Duque: Vaccinating 60 to 70 million people 'will take time'
MANILA (UPDATE) - The Philippines may start inoculating its citizens with the vaccine against COVID-19 around March or April next year, Health Secretary Francisco Duque III said Monday.
"We’ve done some scenario analysis under the leadership of Sec. (Carlito Jr) Galvez and I think the best case scenario would be about the end of the first quarter of 2021 or about the start of second quarter of next year," he told ANC's Headstart when asked when the inoculation may begin.
"A lot of factors will have to be taken into consideration to be able to more definitively set schedules for actual distribution, deployment, and inoculation of our people within our priority list," he said.
Duque said government is looking to build a portfolio of different vaccines, depending on the availability and evaluation of a panel of experts.
He said in the list are those from Sinovac, Gamaleya, AstraZeneca, Sinopharm, and Johnson & Johnson. Vaccines from these companies "require a much less sophisticated and a bit higher cold storage temperature."
Pfizer-BioNTech's vaccine demands -70 degrees celsius storage, which the Philippines does not have at the moment, said Duque. However, he said he heard from Galvez that the company "might be willing to provide" the storage facility to ensure the vaccine's effectivity.
The distribution then would depend on the requirement of each vaccine that will be rolled out, said Duque. Since the country has been doing vaccination drives for decades, it will "piggyback" on existing systems, he said.
"We need to enhance the capacity because there has never been in the history (a time when we had to vaccinate) a huge number of people, at 60 to 70 million people. It will take time to do it," he said.
The government will also need to train more people to do the inoculation in a larger scale, he said.
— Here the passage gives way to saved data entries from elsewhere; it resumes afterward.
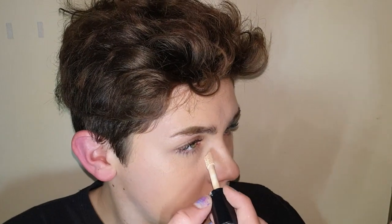I'm then just gonna take Elf Concealer and then I'm gonna place that where I would usually conceal.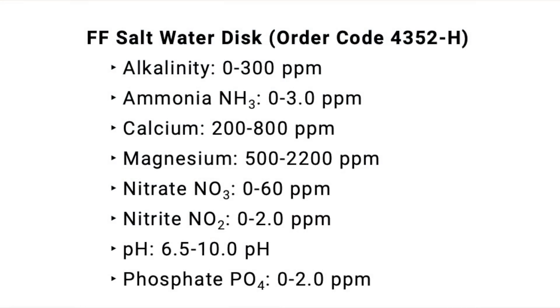This device has been around for a couple of years but it's just starting to find its way into aquarium use, and it tests the following eight parameters: alkalinity from zero to 300 ppm; ammonia from zero to three ppm; calcium between 200 and 800 ppm; magnesium from 500 up to 2200 ppm; nitrate between zero and 60 ppm; nitrite from zero to two ppm; pH between 6.5 and 10; and lastly phosphate from zero to 2.0 ppm.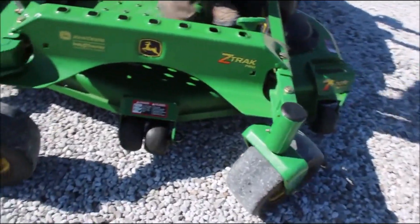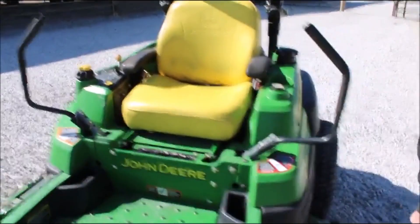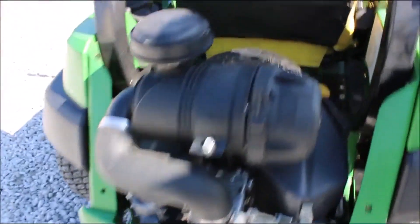2,128 hours on this zero-turn mower. It is a gas, it's got that 7-iron Pro 60 deck. C830A — it really isn't bad for the hours.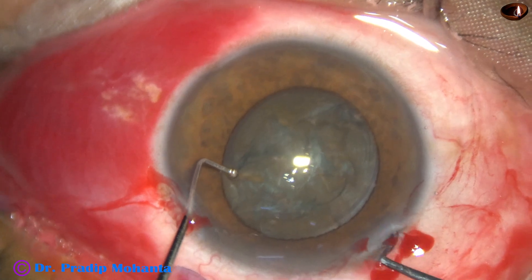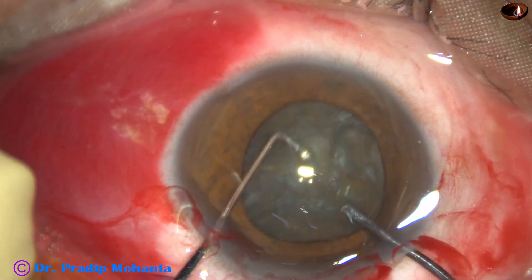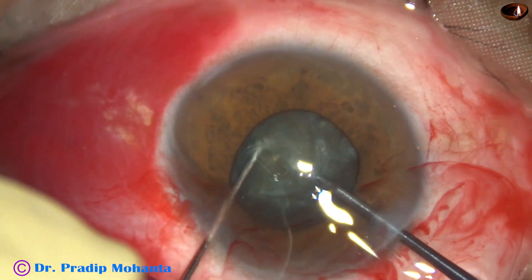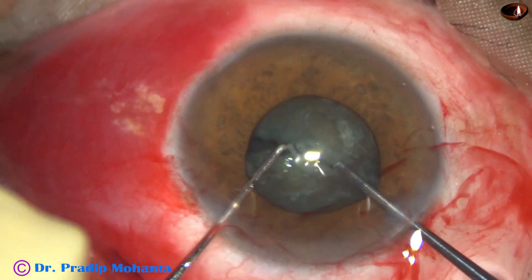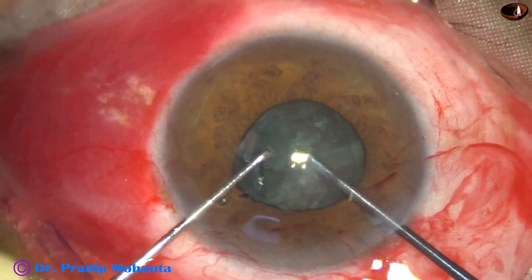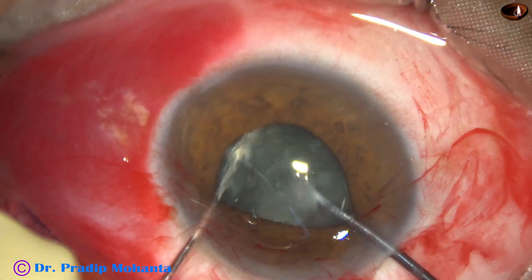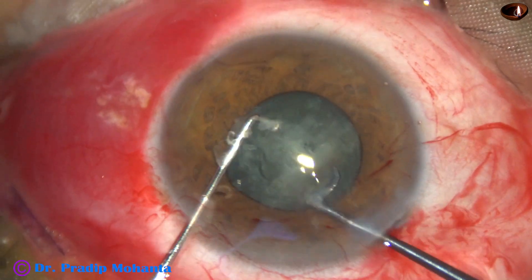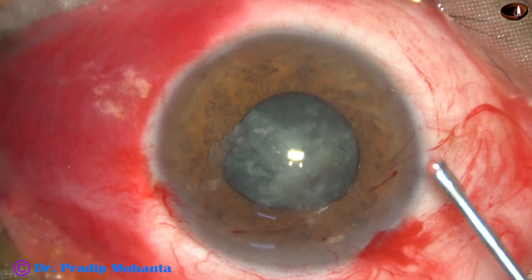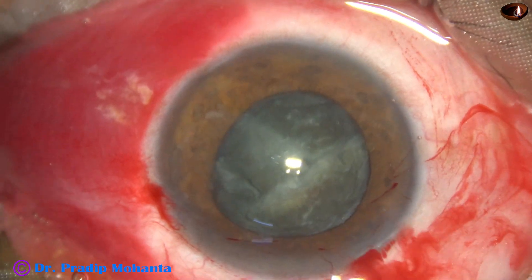This is the pre-chopper and sustainer, and I divide the nucleus into two hemi-nuclei. Rotate and divide one hemi-nucleus into two fragments. A lot of visco has come out.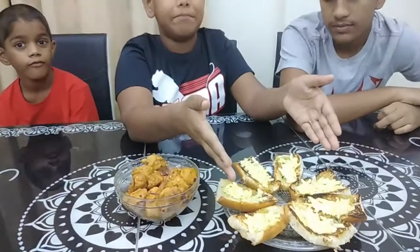Welcome back to the 3BB's YouTube channel. Today we are going to be tasting our mother's hot butter squid and also cheesy garlic bread. So let's taste.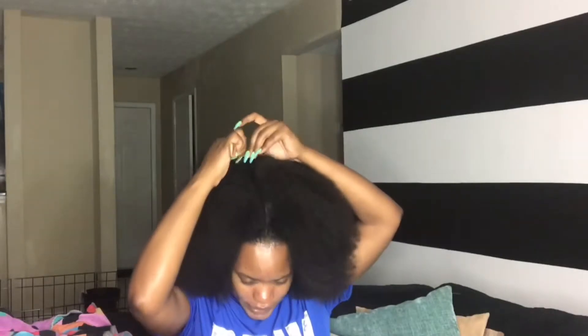Now that that's done, I'm going to go ahead and section my hair. Let me show you guys something — I had some braids last week and I was taking them out and I cut out a whole section of my hair. Can you see where it's short right there? That was a whole braid that I clipped out of my hair. When I tell you I was sick, I was sick. But it'll grow back — there's nothing I can do now.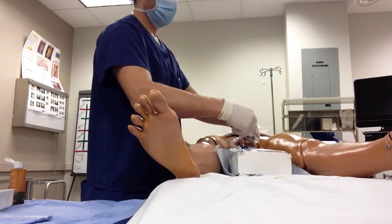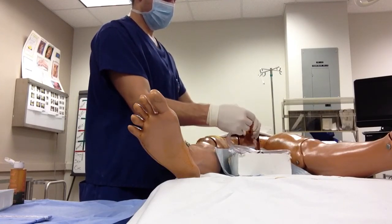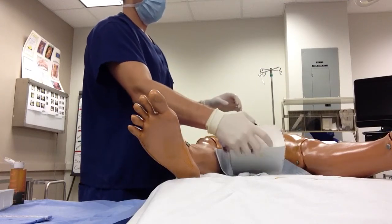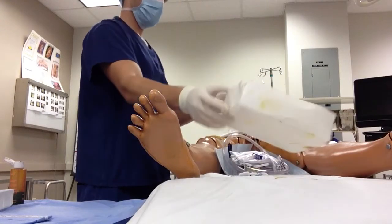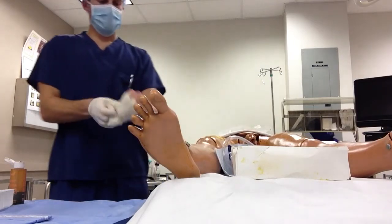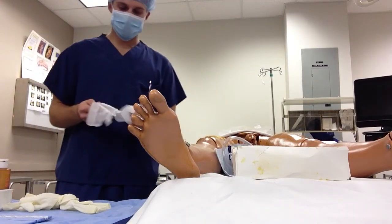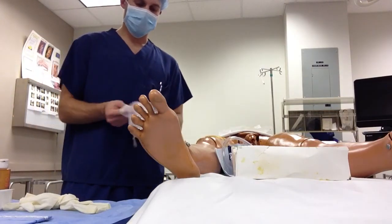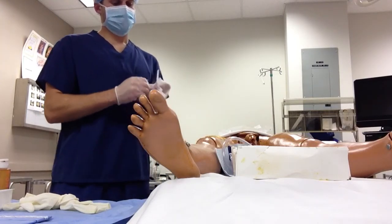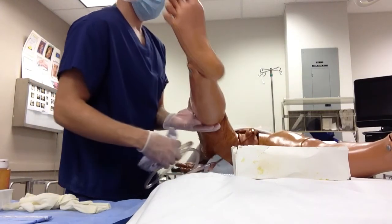Remove your syringe, pull back on the catheter, and it should get stuck in place. Then remove your sterile gloves. I keep another pair of non-sterile gloves to put on. Lift up the patient's leg, bring the catheter underneath, and attach it to the bed.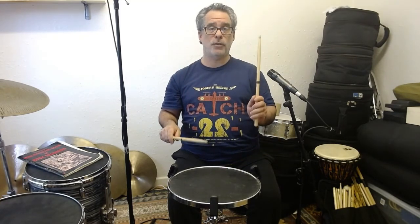Once you get good at it you can change the way you play. That's it — go and practice your flam.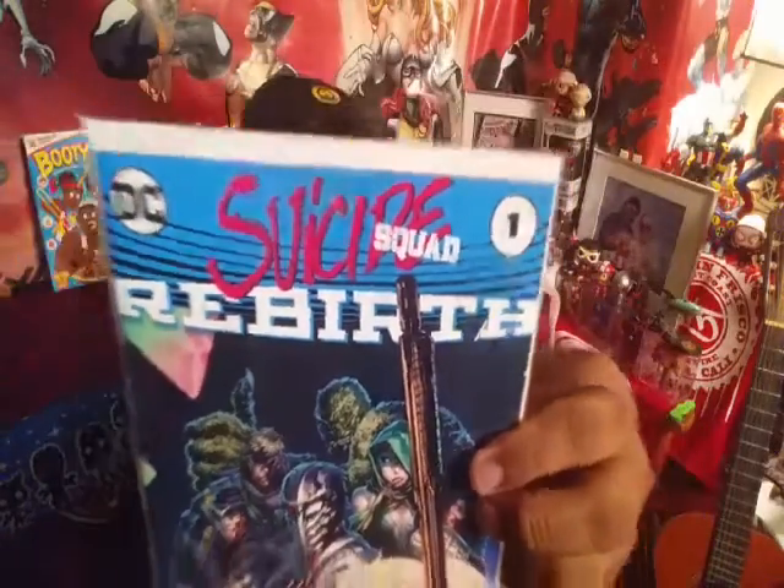And we have a Suicide Squad Rebirth — I don't have this one. It's a GeekFuel exclusive with a Certificate of Authenticity from Dynamic Force Incorporated and GeekFuel. It's certified on this copy of the Suicide Squad Rebirth 1 GeekFuel exclusive cover, as one of the limited edition series. It says there's officially a GeekFuel cover, so this is extremely rare unless you subscribe to GeekFuel.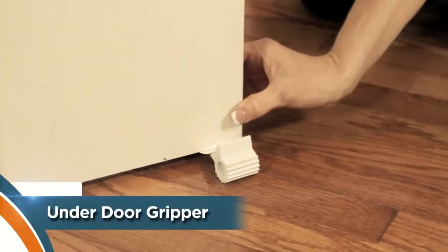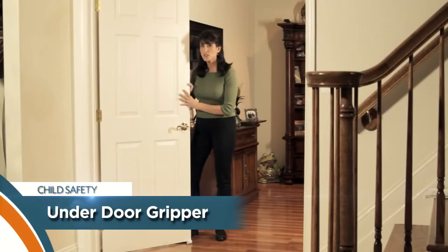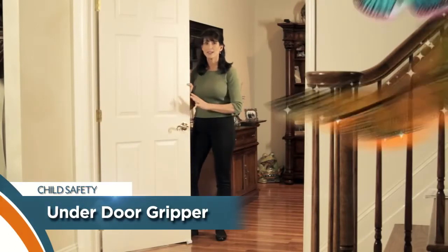It works great on everything from carpet, cork, lino, tile, and floorboards. And by preventing children from slamming the door, it helps avoid injury.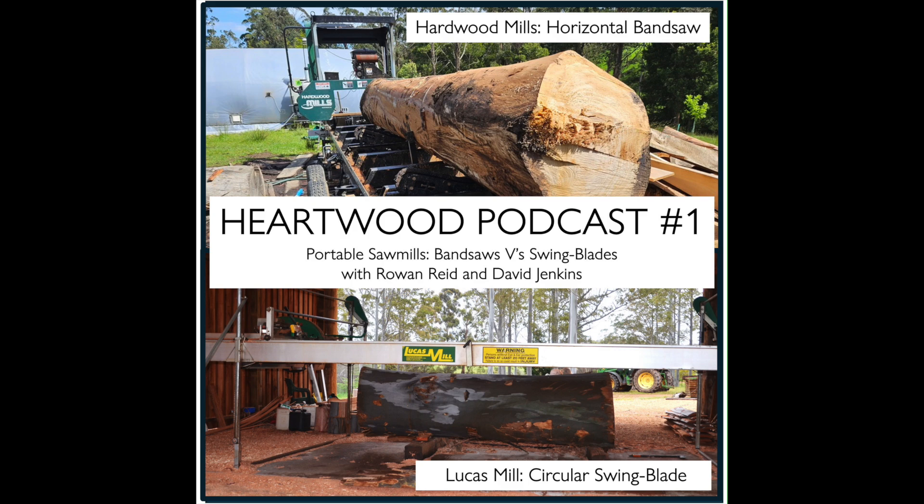The Lucas mill sits above the log. The log sits stationary on plinths, which get it up off the ground. Once you've got the log in position, every time you walk backwards and forwards you've got a piece of wood. The mill is manually operated — you push it, there are no hydraulics. The disadvantage is that with a big log of more than a metre — the maximum the mill will take is about 1.3 metres — the mill is operating at head height and sawdust gets thrown into your face.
He added, some P13.2 billion has been earmarked for peripheral costs of vaccination, such as the purchase of syringes and waste disposal.
Duque also committed to being one of the first to receive the vaccine to encourage the public to also get themselves inoculated. He said he will also invite other Cabinet officials to do the same.
The government is hoping to inoculate about 50 to 60 percent of the country's population to achieve herd immunity from COVID-19.
President Rodrigo Duterte signed earlier this month an executive order allowing the Food and Drug Administration to issue emergency use authorization for COVID-19 vaccines and drugs.
This means that coronavirus vaccines approved by the countries where they were developed can be used locally after 21 days, down from the current required 6-month verification.